■ SUPPLIED ENTRIES:
++++++++++

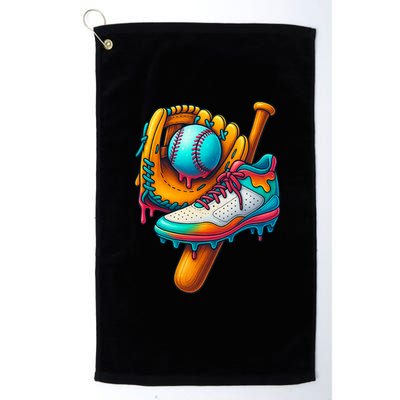 Ice Cream Shoes Drip Baseball Stuff Golf Towel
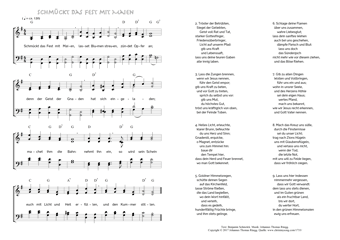 Hymn score of: Schmückt das Fest mit Maien (Benjamin Schmolck/Johannes Thomas Rüegg)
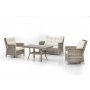 HANAH HOME Baštenska garnitura Manila 316 Cream - slika 1
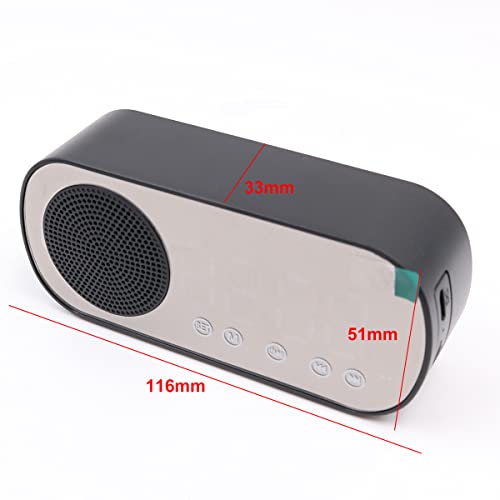 Zee digitale wekker draagbare wekkerradio met BT luidspreker grote LED Screen Radio Morning Klok voor Slaapkamer, Kantoor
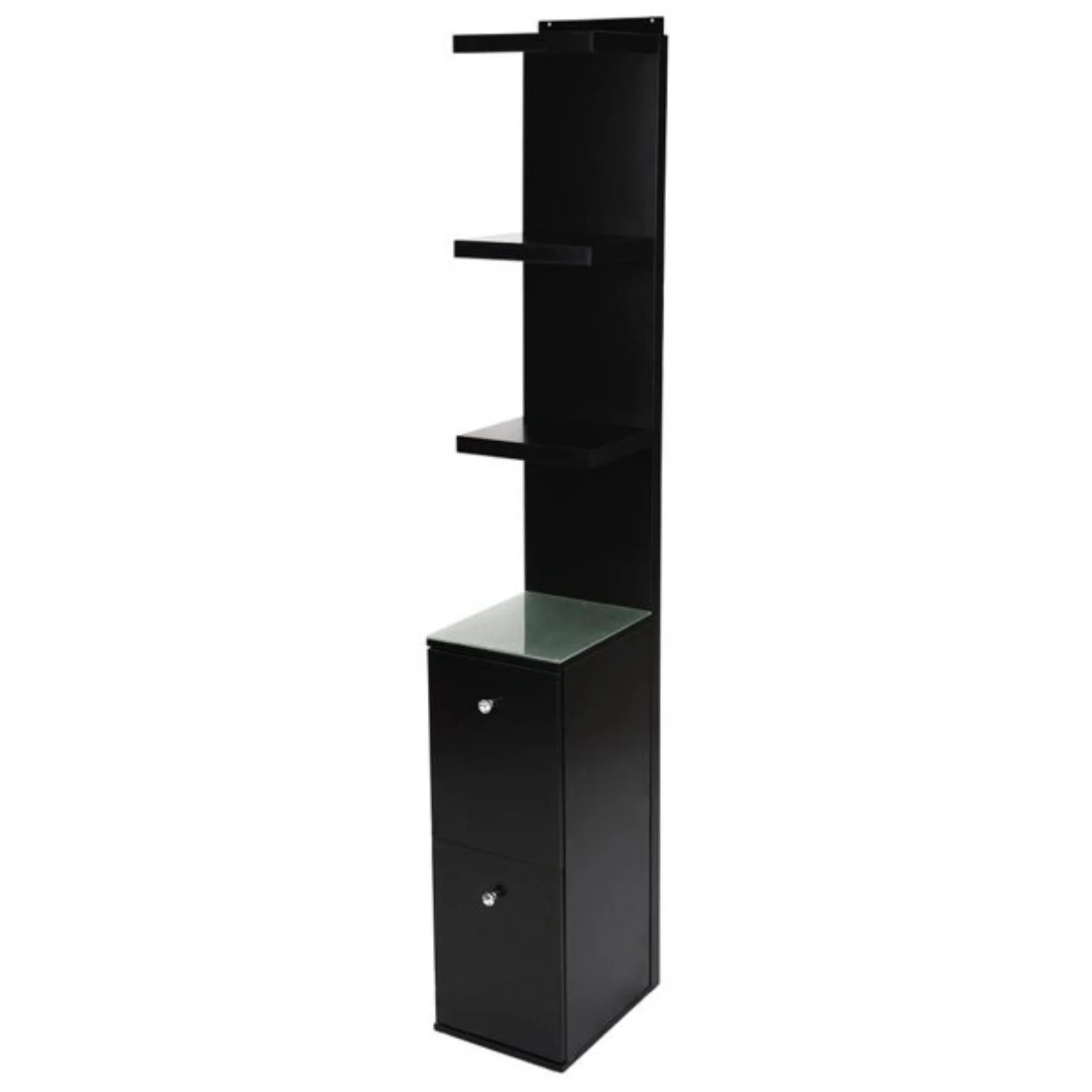 Impressions Vanity Slaystation Natalie Display Shelves with Rack and Storage Cabinet (Light Pink)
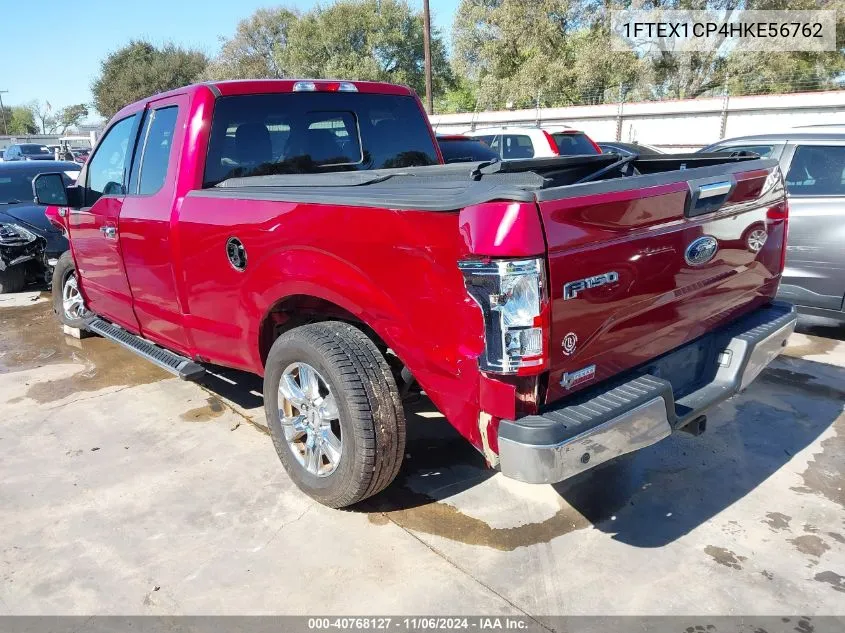 2017 Ford F-150 Xlt VIN: 1FTEX1CP4HKE56762 Lot: 40768127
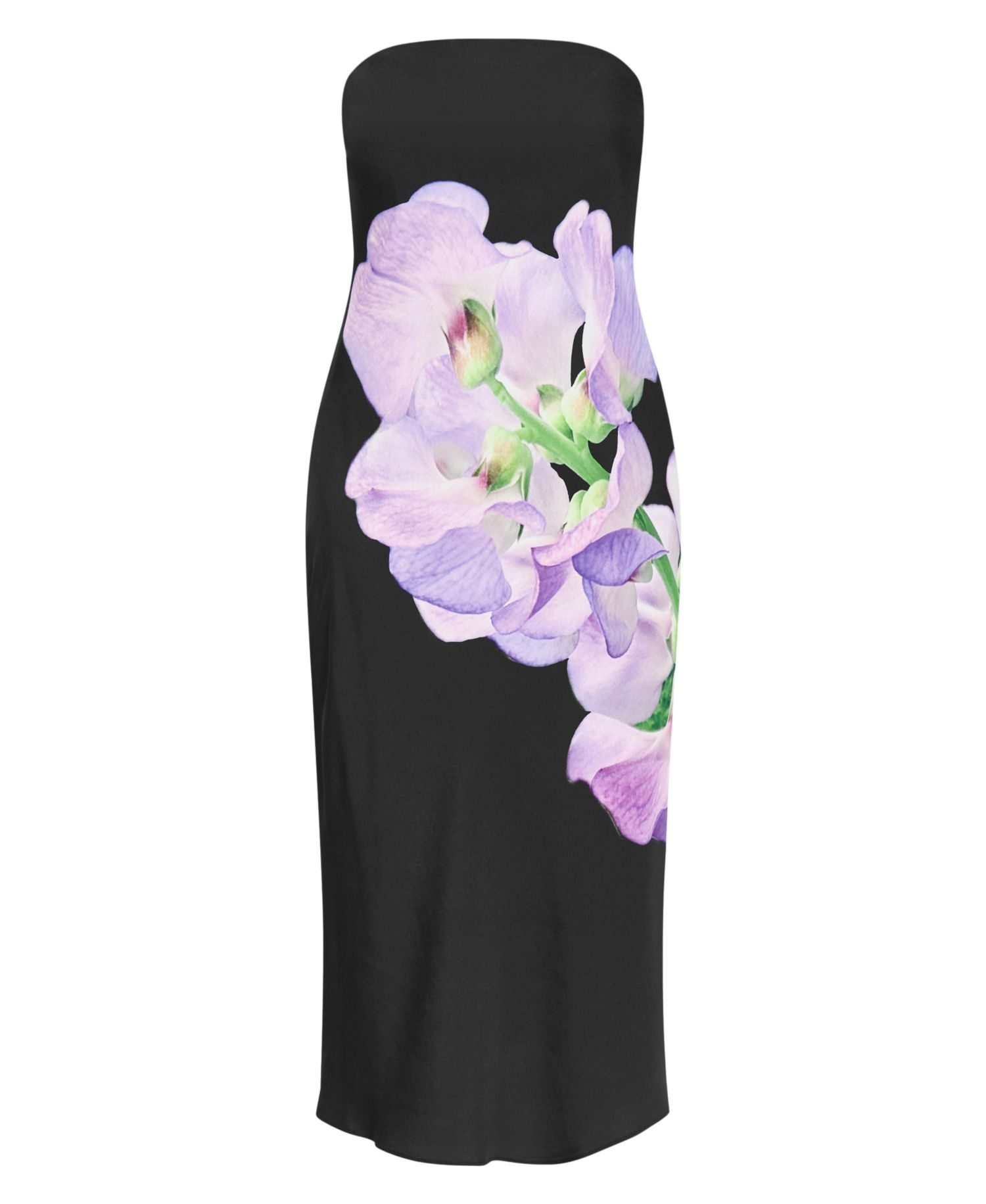 Plus Size Amari Floral-Print Strapless Slip Dress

++++++++++

■ EXERCISE BRIEF: Only the lines from where the data begins to the line with "2017 Ford F-150", both of them included, should be reproduced word for word; no pictures.

■ RESPONSE BOX:
 Ice Cream Shoes Drip Baseball Stuff Golf Towel
 Hymn score of: Schmückt das Fest mit Maien (Benjamin Schmolck/Johannes Thomas Rüegg)
 HANAH HOME Baštenska garnitura Manila 316 Cream - slika 1
 Zee digitale wekker draagbare wekkerradio met BT luidspreker grote LED Screen Radio Morning Klok voor Slaapkamer, Kantoor
 Impressions Vanity Slaystation Natalie Display Shelves with Rack and Storage Cabinet (Light Pink)
 2017 Ford F-150 Xlt VIN: 1FTEX1CP4HKE56762 Lot: 40768127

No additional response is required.